**** MATERIAL FOR THIS EXERCISE ****

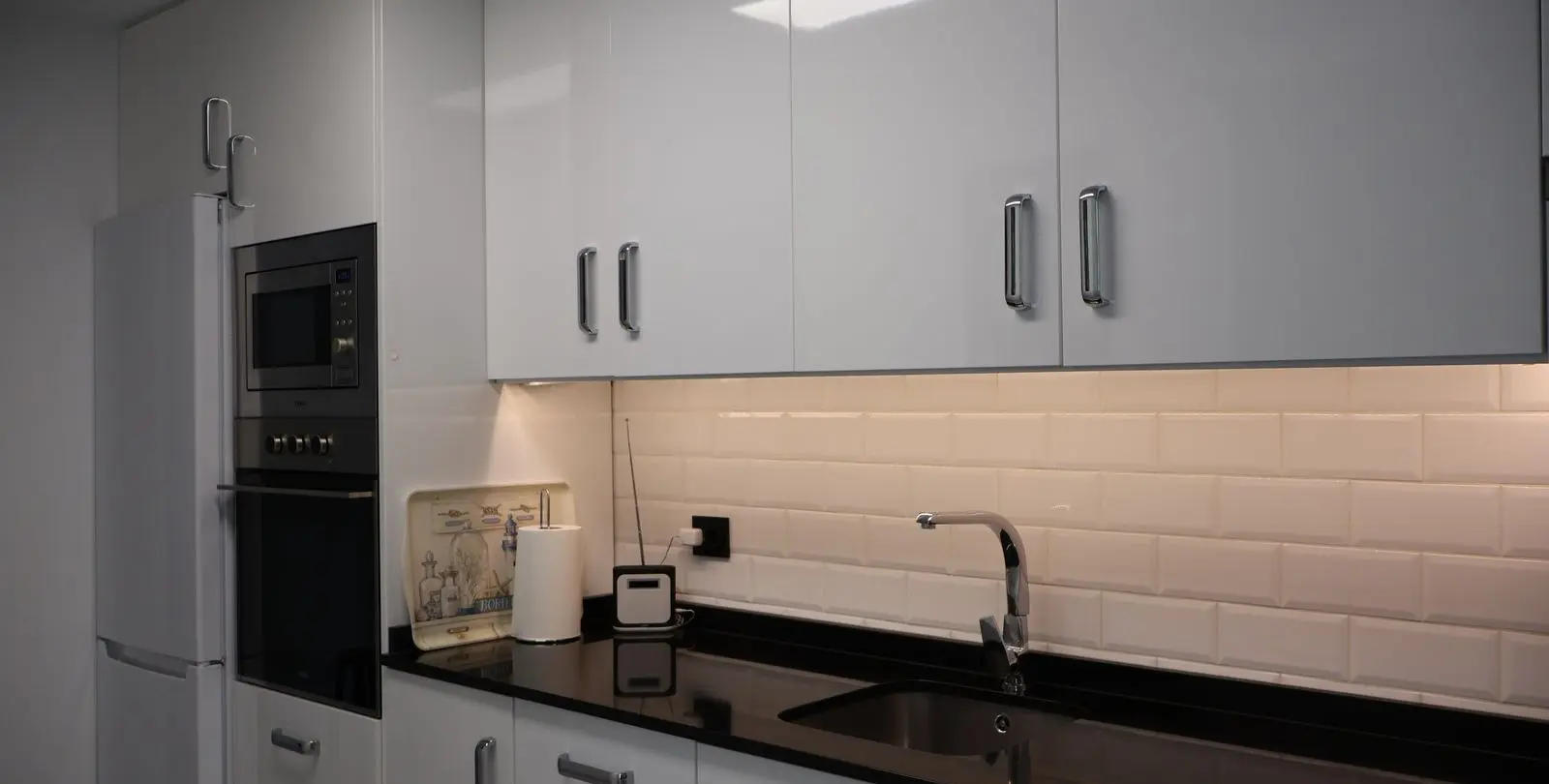 Venta de apartamento en planta media en Fuengirola 8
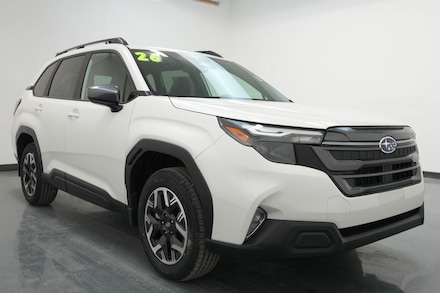 2026 Subaru Forester Premium SUV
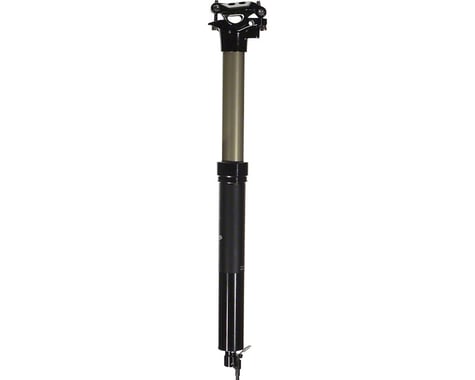 X-Fusion Shox X-Fusion Strate Dropper Seatpost - 30.9mm, 150mm, Black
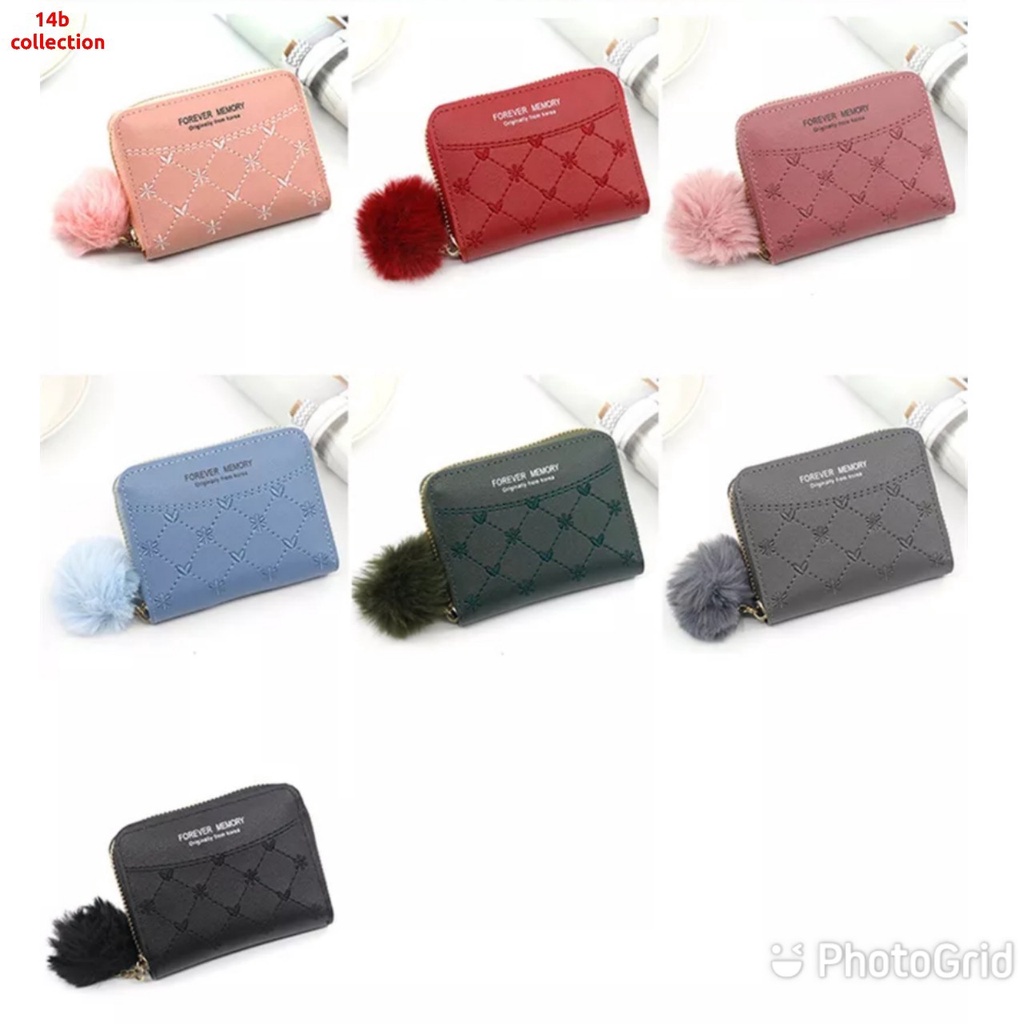 Dompet fuji kinan dompet wanita dompet kecil dompet cewe lucu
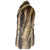Vintage 1920s Mens Raccoon Fur Coat Ivy League Football Sz M
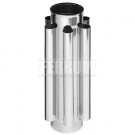 Дымоход конвектор (НЕРЖ-430/0,8) d-115 (Ferrum HF) Дымоход конвектор (НЕРЖ-430/0,8) d-115 (Ferrum HF)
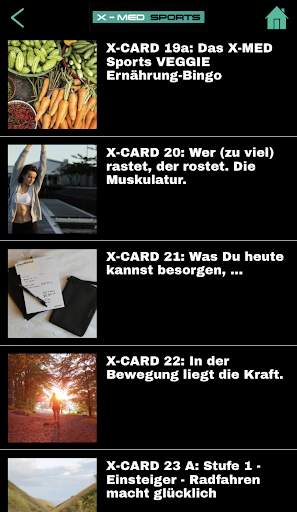 X-MED COOL LIFE screenshot 3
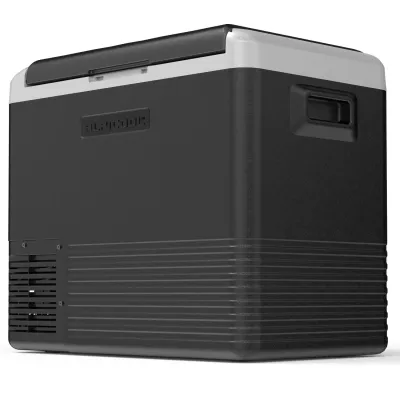 Компрессорный автохолодильник Alpicool CL50G (45 литров, LG Compressor). До -20℃, (12, 24, 220 вольт) - 2 - Robinzon.ua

****

The line containing "Дымоход конвектор (НЕРЖ-430/0,8) d-115 (Ferrum HF) Дымоход" and every line after it, through the end of the records, are what you should retype exactly. Do not include the pictures.

### FINISHED EXERCISE
 Дымоход конвектор (НЕРЖ-430/0,8) d-115 (Ferrum HF) Дымоход конвектор (НЕРЖ-430/0,8) d-115 (Ferrum HF)
 X-MED COOL LIFE screenshot 3
 Компрессорный автохолодильник Alpicool CL50G (45 литров, LG Compressor). До -20℃, (12, 24, 220 вольт) - 2 - Robinzon.ua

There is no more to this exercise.